** Opening Material provided block **

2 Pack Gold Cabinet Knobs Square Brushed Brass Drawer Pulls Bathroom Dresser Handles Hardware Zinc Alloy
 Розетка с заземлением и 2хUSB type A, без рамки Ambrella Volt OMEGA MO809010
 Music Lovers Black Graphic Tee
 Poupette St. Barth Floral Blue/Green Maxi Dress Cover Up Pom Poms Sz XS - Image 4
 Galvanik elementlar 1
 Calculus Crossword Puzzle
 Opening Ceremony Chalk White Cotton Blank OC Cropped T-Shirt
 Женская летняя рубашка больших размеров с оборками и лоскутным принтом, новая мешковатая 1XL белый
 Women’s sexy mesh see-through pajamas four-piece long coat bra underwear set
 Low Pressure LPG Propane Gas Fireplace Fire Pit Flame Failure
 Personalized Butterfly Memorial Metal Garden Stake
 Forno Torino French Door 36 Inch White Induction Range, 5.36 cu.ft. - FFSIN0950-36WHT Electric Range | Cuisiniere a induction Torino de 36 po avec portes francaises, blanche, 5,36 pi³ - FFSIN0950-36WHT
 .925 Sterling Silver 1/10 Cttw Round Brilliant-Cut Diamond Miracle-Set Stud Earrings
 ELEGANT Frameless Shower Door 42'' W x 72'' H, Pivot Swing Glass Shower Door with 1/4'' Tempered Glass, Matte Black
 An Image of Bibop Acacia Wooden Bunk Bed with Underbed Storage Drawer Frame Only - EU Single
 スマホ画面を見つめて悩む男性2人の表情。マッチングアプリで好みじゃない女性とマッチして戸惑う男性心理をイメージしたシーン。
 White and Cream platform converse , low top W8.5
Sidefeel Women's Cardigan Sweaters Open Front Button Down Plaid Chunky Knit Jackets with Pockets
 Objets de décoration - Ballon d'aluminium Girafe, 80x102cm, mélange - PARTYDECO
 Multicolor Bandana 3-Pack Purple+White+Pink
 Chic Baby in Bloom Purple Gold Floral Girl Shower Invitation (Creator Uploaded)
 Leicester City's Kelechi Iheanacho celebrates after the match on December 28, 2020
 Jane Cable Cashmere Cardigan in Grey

** Closing Material provided block **

[Aim of the task]: Give the data back in full, matching it character for character.

[Answer to the exercise]:
2 Pack Gold Cabinet Knobs Square Brushed Brass Drawer Pulls Bathroom Dresser Handles Hardware Zinc Alloy
 Розетка с заземлением и 2хUSB type A, без рамки Ambrella Volt OMEGA MO809010
 Music Lovers Black Graphic Tee
 Poupette St. Barth Floral Blue/Green Maxi Dress Cover Up Pom Poms Sz XS - Image 4
 Galvanik elementlar 1
 Calculus Crossword Puzzle
 Opening Ceremony Chalk White Cotton Blank OC Cropped T-Shirt
 Женская летняя рубашка больших размеров с оборками и лоскутным принтом, новая мешковатая 1XL белый
 Women’s sexy mesh see-through pajamas four-piece long coat bra underwear set
 Low Pressure LPG Propane Gas Fireplace Fire Pit Flame Failure
 Personalized Butterfly Memorial Metal Garden Stake
 Forno Torino French Door 36 Inch White Induction Range, 5.36 cu.ft. - FFSIN0950-36WHT Electric Range | Cuisiniere a induction Torino de 36 po avec portes francaises, blanche, 5,36 pi³ - FFSIN0950-36WHT
 .925 Sterling Silver 1/10 Cttw Round Brilliant-Cut Diamond Miracle-Set Stud Earrings
 ELEGANT Frameless Shower Door 42'' W x 72'' H, Pivot Swing Glass Shower Door with 1/4'' Tempered Glass, Matte Black
 An Image of Bibop Acacia Wooden Bunk Bed with Underbed Storage Drawer Frame Only - EU Single
 スマホ画面を見つめて悩む男性2人の表情。マッチングアプリで好みじゃない女性とマッチして戸惑う男性心理をイメージしたシーン。
 White and Cream platform converse , low top W8.5
Sidefeel Women's Cardigan Sweaters Open Front Button Down Plaid Chunky Knit Jackets with Pockets
 Objets de décoration - Ballon d'aluminium Girafe, 80x102cm, mélange - PARTYDECO
 Multicolor Bandana 3-Pack Purple+White+Pink
 Chic Baby in Bloom Purple Gold Floral Girl Shower Invitation (Creator Uploaded)
 Leicester City's Kelechi Iheanacho celebrates after the match on December 28, 2020
 Jane Cable Cashmere Cardigan in Grey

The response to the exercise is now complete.